We are three weeks into the fourth grade and my Daughter is already on her second school-based activism/organizing campaign. It’s hard to know what is nature and what is nurture, but neither of these campaigns has been drummed up at home or from conversations with my wife or me. My daughter has just come home and said: this is what I am doing.
The current campaign has just begun: a drive to organize donations from other students in her school to help the flood victims in West Tennessee. On her own, she’s gotten support from the Principal. She’s garnered a teacher sponsor. She and her sister were making signs last night to put up around school. For a couple of days in, she’s got a pretty solid plan and process in place. We will see how it all unfolds.
But, it was her first campaign that was so important and has the most to learn from.
So, my daughter came home one day saying that she and her friends had started a petition that would ease the restrictions on standard school attire for fourth graders. No doubt, a year of being schooled at home makes standard school attire seem that much more annoying. Not to mention, as a fourth grader, she is starting to want to express herself through her fashion and accessorizing in new and different ways that are largely outside of standard school attire.
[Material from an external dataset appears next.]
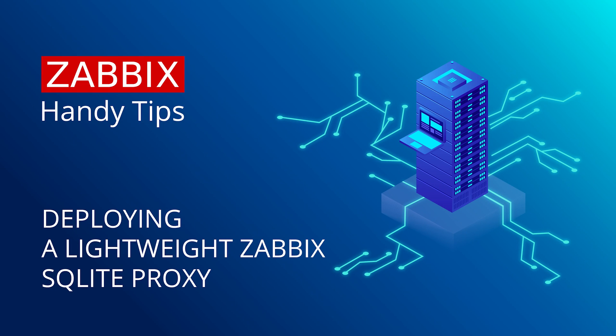Hello and welcome to Zabbix Handy Tips. Today we'll learn how to deploy and configure a Zabbix proxy node with an SQLite database backend for distributed monitoring.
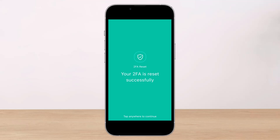In the event that you lost access to your authenticator app or your verified email, you will need a photo of yourself holding a piece of paper with your first name, last name, and today's date and year. You may also be asked to provide additional authentication information by contacting the customer support team. That's all it takes to reset your 2FA on the crypto.com app.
She decided she could - and should - do something about it. And, despite ultimately canceling the effort – or perhaps because of that – she illuminated some powerful lessons about organizing and life in general:
LESSON 1: Passion ignites action.
Clearly, my daughter and her co-conspirator friend had talked and were feeling strongly about their rights as fourth graders to wear what they want to, and even to be treated a little differently. They felt that as the oldest kids in school and those doing the “hardest” work that some reprieve from standard school attire would just help relieve all of that bottled up stress. While loaded with some pre-middle school drama at its source, I have to say she presented her argument logically and thoughtfully with a level of passion that I certainly wanted to encourage.
LESSON 2: You can’t go it alone.
Not to mention, by the time I even knew anything, she and her friend had already created a petition and enlisted others to help them gather signatures – which was pretty badass. They had even talked with a couple of teachers who, to their credit, encouraged the process the girls were undertaking without dismissing them, discouraging them, or otherwise derailing their passion. But, my Daughter and her friend knew they ultimately had to get the Principal’s buy-in.
LESSON 3: Start with a plan (but be willing to throw it out).
And, to do this, they were going to gather signatures from all of the 4th graders and deliver this petition to their Principal. They had decided who was going to cover which classes and which periods when they could gather signatures without disrupting their coursework. When they had all of the signatures, they would deliver the petition.
LESSON: Stay open to feedback.
So, it was at this point that I finally heard about this campaign. At dinner, my Daughter was so excited and fired up that she talked and talked and talked until I finally had to break in and ask a few questions. I told her I appreciated and supported her action, and was proud of the steps she had already taken, I could tell she had really thought about how to do this, but that I had some questions for her to consider:
LESSON: Back your passion with reason. Do your research.
To her credit and her friend’s, regarding the first question, they decided they couldn’t reasonably answer why 4th graders should be treated differently and they quickly opened there demands for school attire leniency to be more inclusive of other grades. They were no longer seeking change that privileged one group over the other. This was, I thought, a pretty great breakthrough and recognition on their part.
But, more importantly to the second question, a couple of days later, they actually did go to their Principal to ask why standard school attire was instituted in the first place. And, what they learned is that standard school attire is an attempt to ensure no one feels excluded if they can’t afford new, or stylish, or even clean clothes to come to school every day.
LESSON: Recognize your privilege - and reframe.
As she processed this learning, she explored other options. Maybe you could wear pajamas. Maybe a school t-shirt. Maybe if you didn’t have clothes to wear you could just stay with standard school attire. There were several more, but she quickly realized that all of them ended up with the same challenge: kids from lower income families always ran the risk of being spotlighted inadvertently. As we discussed this at dinner and she ran through the possible variations and adaptations of her campaign, she finally just sort of got quiet. She was obviously reflecting – also badass.
LESSON: Don’t be too proud to change.
I didn’t hear anything else about the petition for several days. So, this morning, I asked what they had decided to do. She told me she and her friends had decided not to carry through with their campaign. They didn’t want to do anything that made other students feel uncomfortable or different because they may have less money.
I am writing this having just dropped my girls off for school, loaded with signs and plans and preparing speeches to gather donations to help the flood victims. Campaign #2 is now under way, and I am again proud of her efforts (and her inclusion of her little sister – both kind and strategic).
I am sure there will be more to come, but for now, I couldn't be more proud of the campaign that wasn’t.
* And, for the record, the masks don't bother them at all!